— PROMPT —
Look through the material below. Return exactly the lines from the one with "2017 NISSAN ALTIMA 2.5 photo 3" through the one with "Футболка Milwaukee Bucks", both included.

— WORKING DATA —

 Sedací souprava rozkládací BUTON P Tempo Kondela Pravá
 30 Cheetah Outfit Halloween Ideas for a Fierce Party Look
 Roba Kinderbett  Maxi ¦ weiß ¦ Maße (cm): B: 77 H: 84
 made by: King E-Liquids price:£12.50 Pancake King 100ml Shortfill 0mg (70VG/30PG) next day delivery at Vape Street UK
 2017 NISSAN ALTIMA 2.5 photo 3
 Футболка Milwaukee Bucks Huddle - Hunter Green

* * *

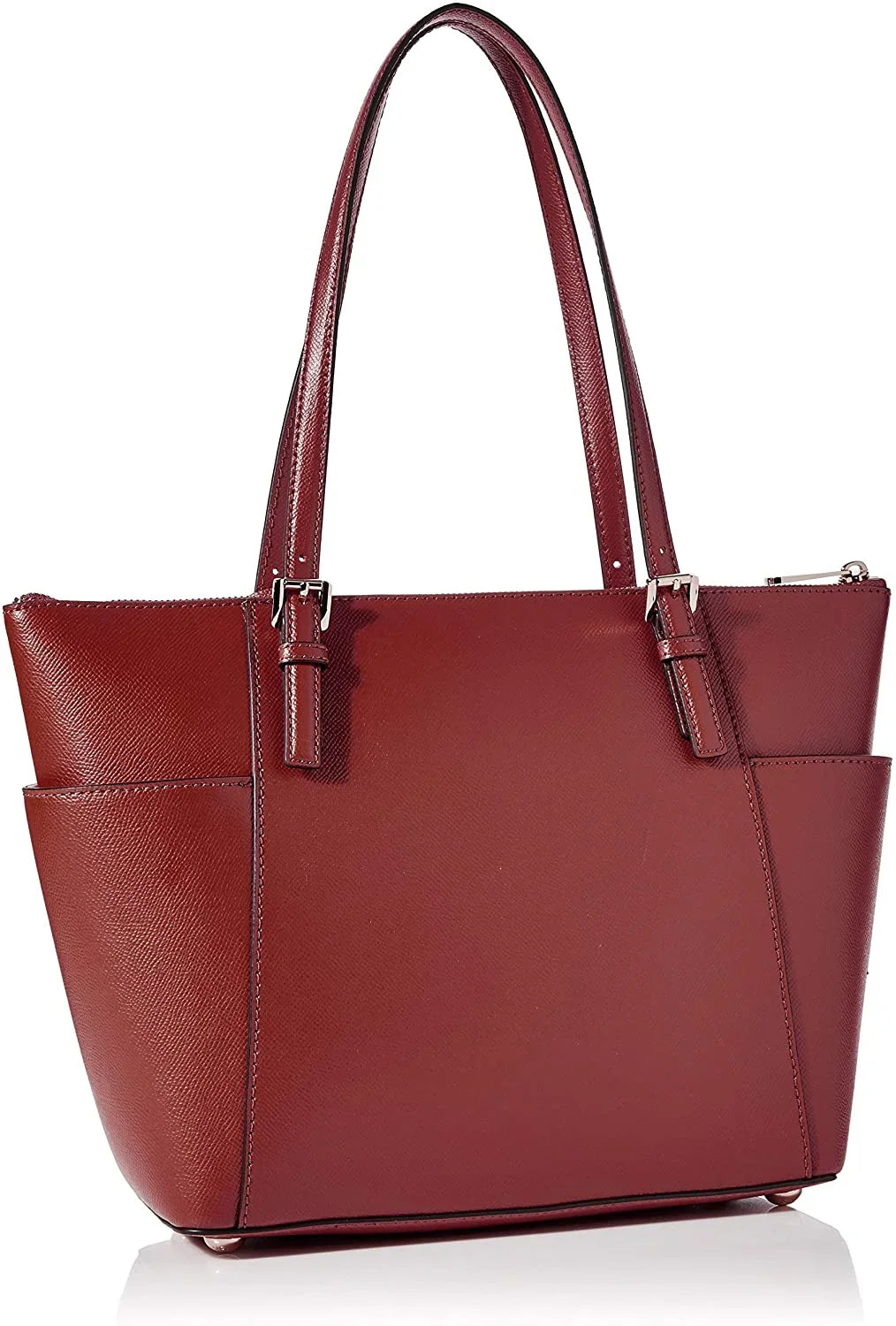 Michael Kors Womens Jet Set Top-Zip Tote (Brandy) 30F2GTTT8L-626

--

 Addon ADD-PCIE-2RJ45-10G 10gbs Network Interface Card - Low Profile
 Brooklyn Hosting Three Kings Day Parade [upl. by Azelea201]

— SOLUTION TO THE EXERCISE —
 2017 NISSAN ALTIMA 2.5 photo 3
 Футболка Milwaukee Bucks Huddle - Hunter Green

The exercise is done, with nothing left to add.